• [THE DATA]:

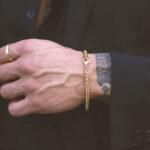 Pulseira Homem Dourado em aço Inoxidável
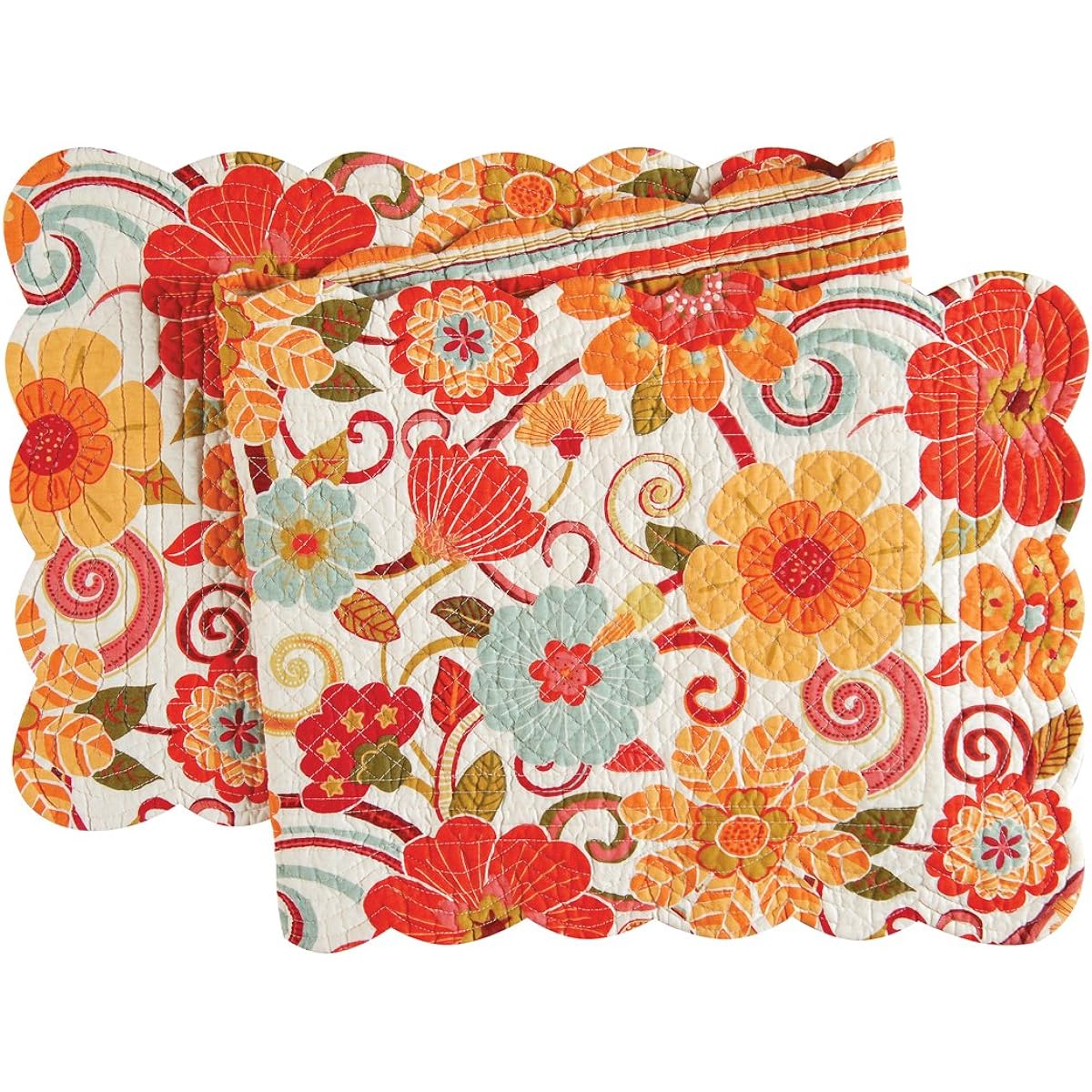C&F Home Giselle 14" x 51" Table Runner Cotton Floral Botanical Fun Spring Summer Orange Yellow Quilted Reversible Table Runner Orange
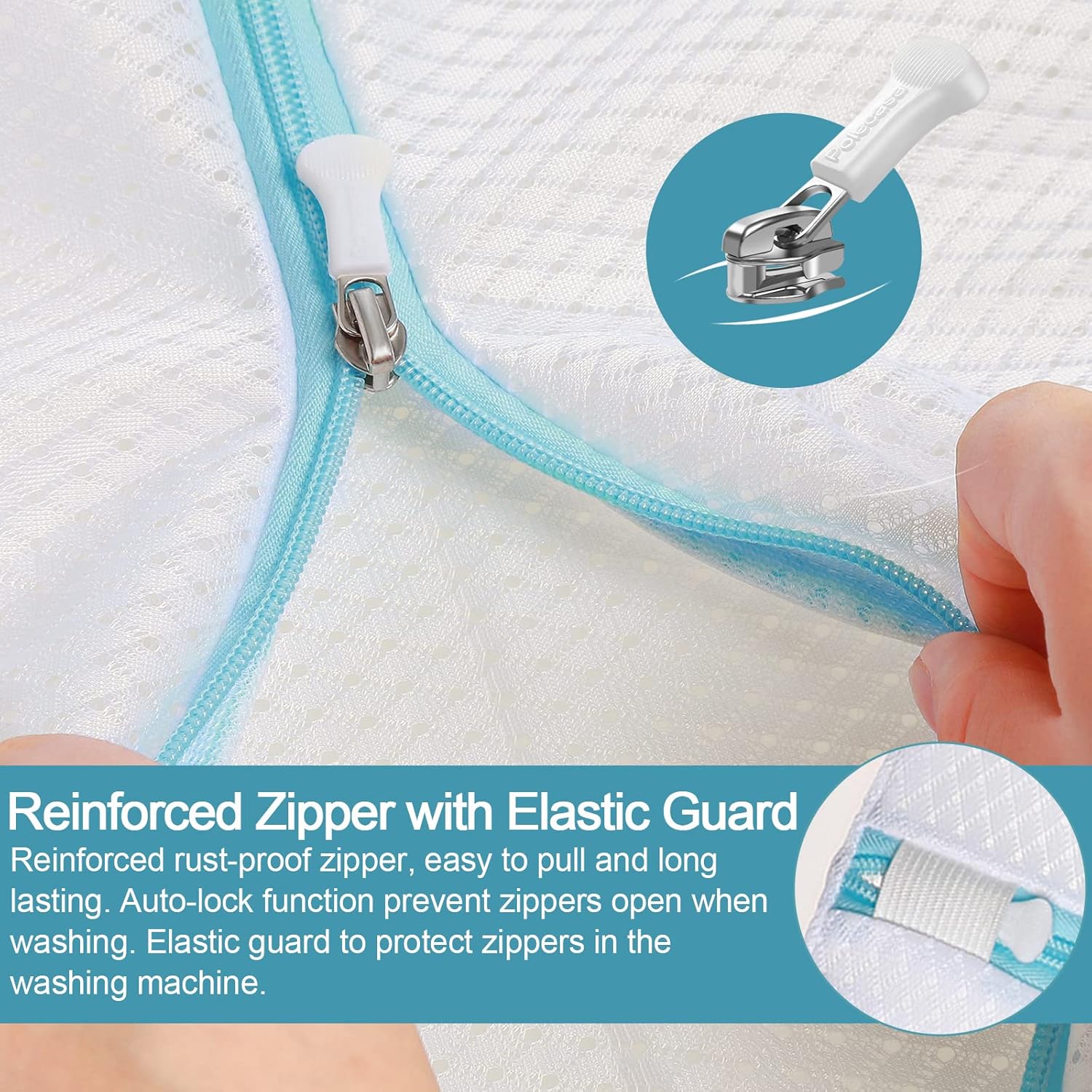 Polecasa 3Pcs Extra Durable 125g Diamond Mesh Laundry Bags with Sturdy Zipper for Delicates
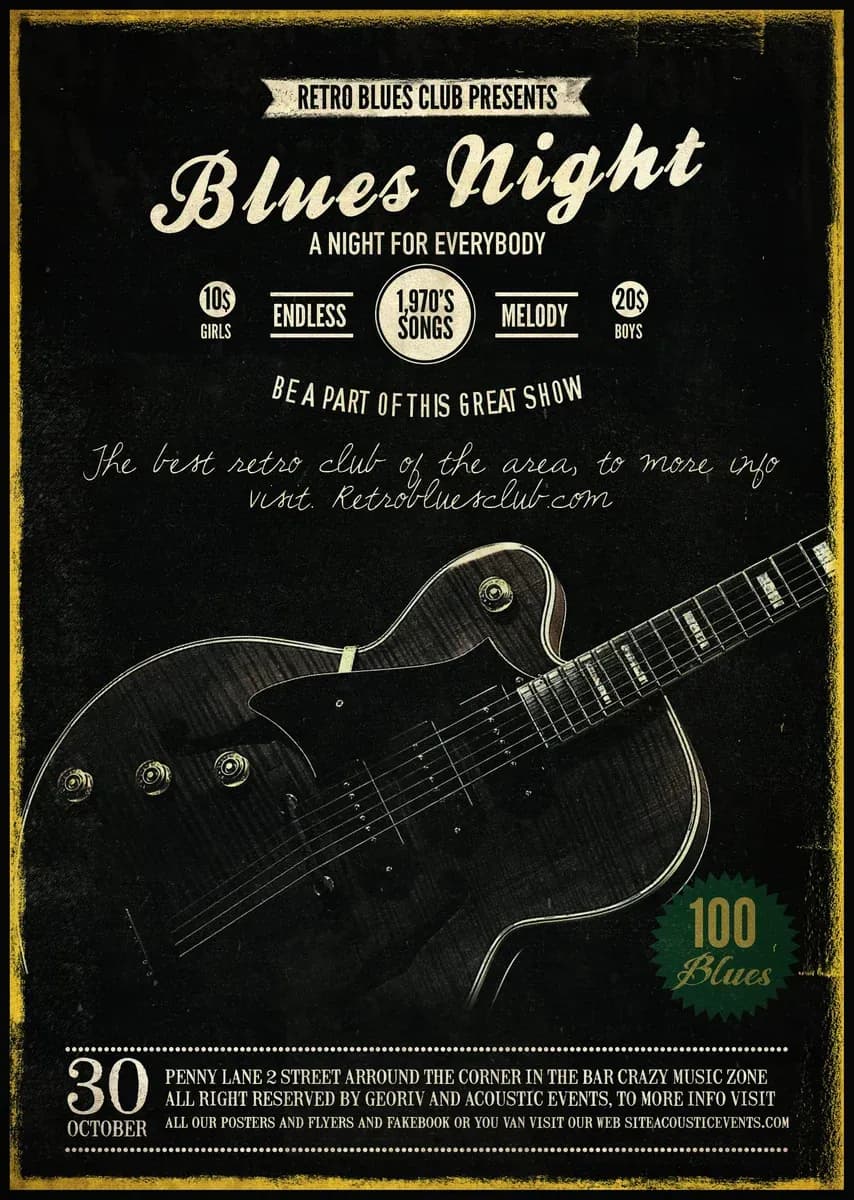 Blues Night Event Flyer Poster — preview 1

...

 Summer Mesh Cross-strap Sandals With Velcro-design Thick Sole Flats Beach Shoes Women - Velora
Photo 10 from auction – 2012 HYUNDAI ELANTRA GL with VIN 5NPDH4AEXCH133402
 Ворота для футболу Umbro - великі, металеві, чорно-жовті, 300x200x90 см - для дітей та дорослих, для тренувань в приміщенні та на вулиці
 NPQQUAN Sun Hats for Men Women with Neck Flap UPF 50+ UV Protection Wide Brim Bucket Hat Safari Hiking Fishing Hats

• [WHAT THIS TASK INVOLVES]: All that is wanted is the lines above between the one containing "Pulseira Homem Dourado em aço Inoxidável" and the one containing "Blues Night Event Flyer Poster — preview 1", inclusive, restated word for word, with pictures omitted.

• [SOLUTION FOR THIS TASK]:
 Pulseira Homem Dourado em aço Inoxidável
C&F Home Giselle 14" x 51" Table Runner Cotton Floral Botanical Fun Spring Summer Orange Yellow Quilted Reversible Table Runner Orange
 Polecasa 3Pcs Extra Durable 125g Diamond Mesh Laundry Bags with Sturdy Zipper for Delicates
 Blues Night Event Flyer Poster — preview 1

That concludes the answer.